• WHAT THIS TASK INVOLVES: Starting with the line in which "Detik-Detik Pencarian Korban" appears, give back every line exactly as written until the listing ends, excluding pictures.
BEGIN COLLECTED MATERIAL
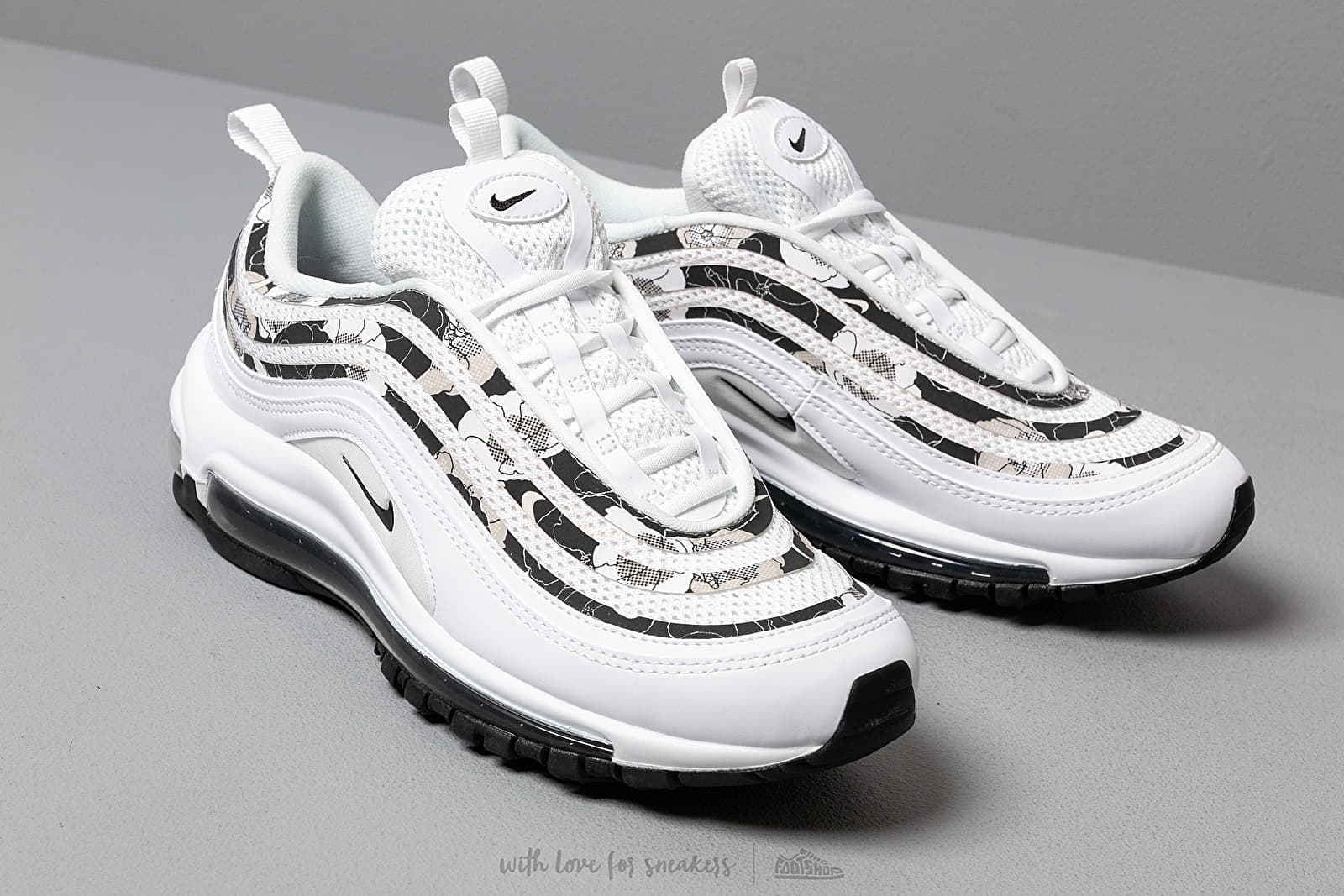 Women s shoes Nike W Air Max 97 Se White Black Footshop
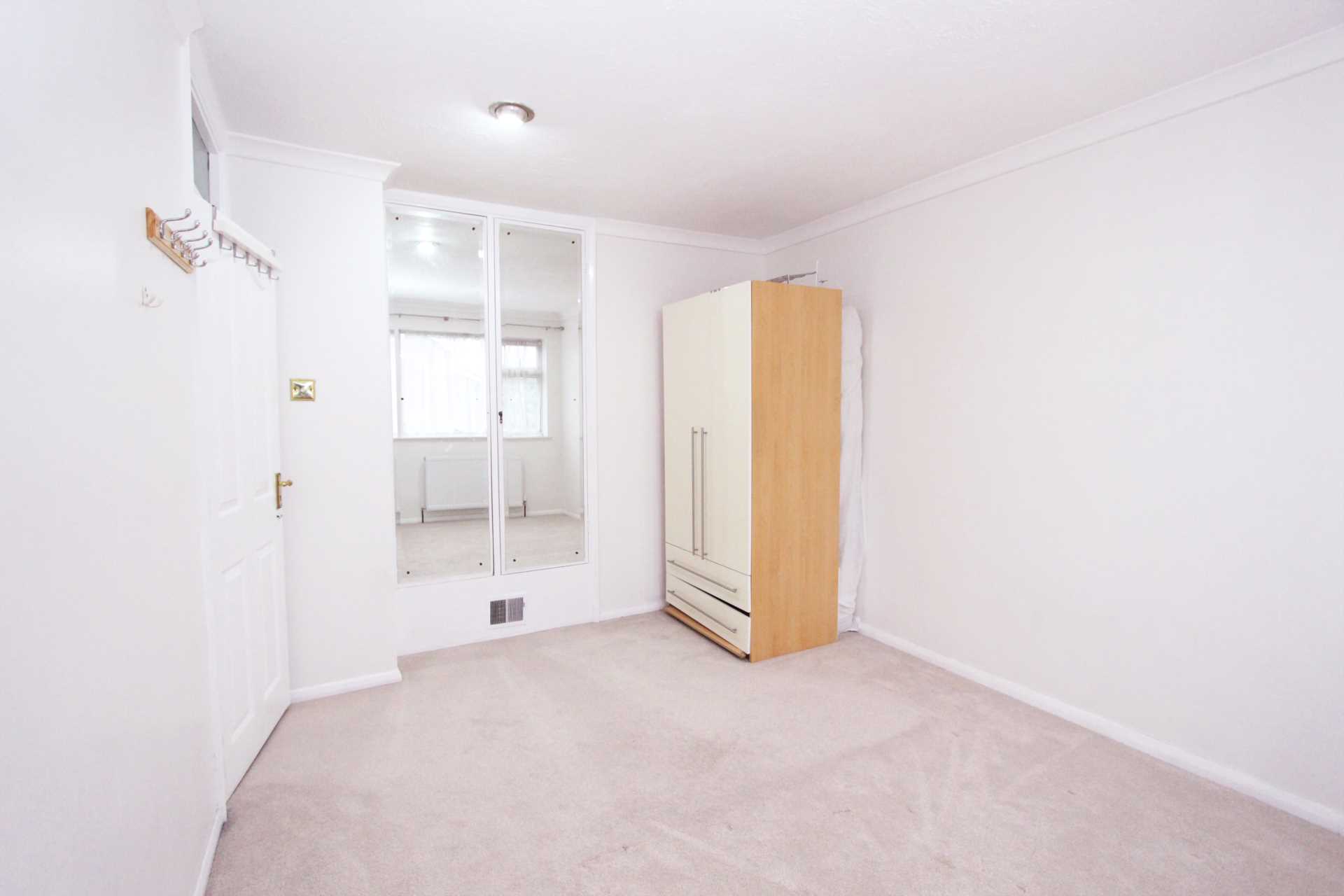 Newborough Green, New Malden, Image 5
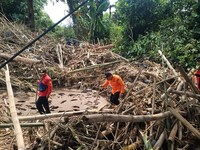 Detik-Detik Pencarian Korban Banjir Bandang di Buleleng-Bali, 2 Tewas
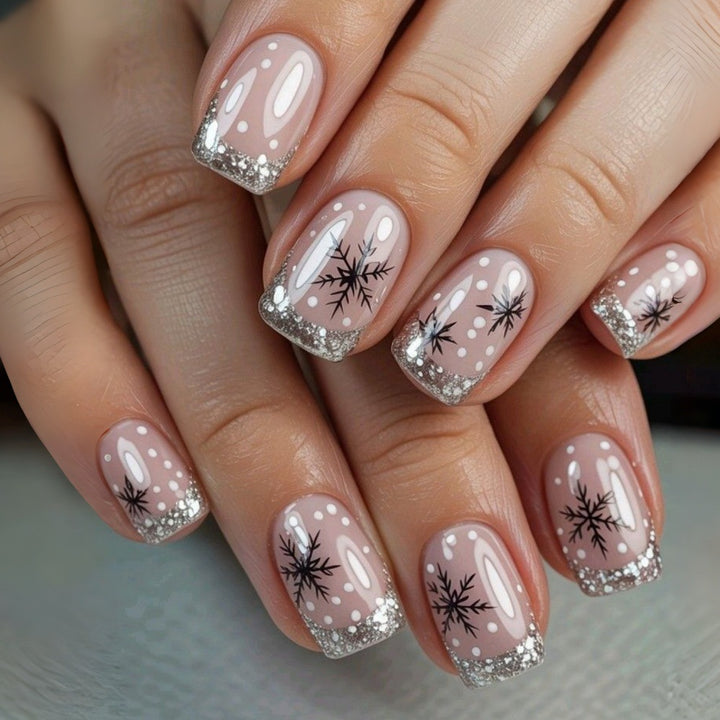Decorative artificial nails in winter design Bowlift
END COLLECTED MATERIAL
• OUTPUT FOR THIS TASK:
 Detik-Detik Pencarian Korban Banjir Bandang di Buleleng-Bali, 2 Tewas
Decorative artificial nails in winter design Bowlift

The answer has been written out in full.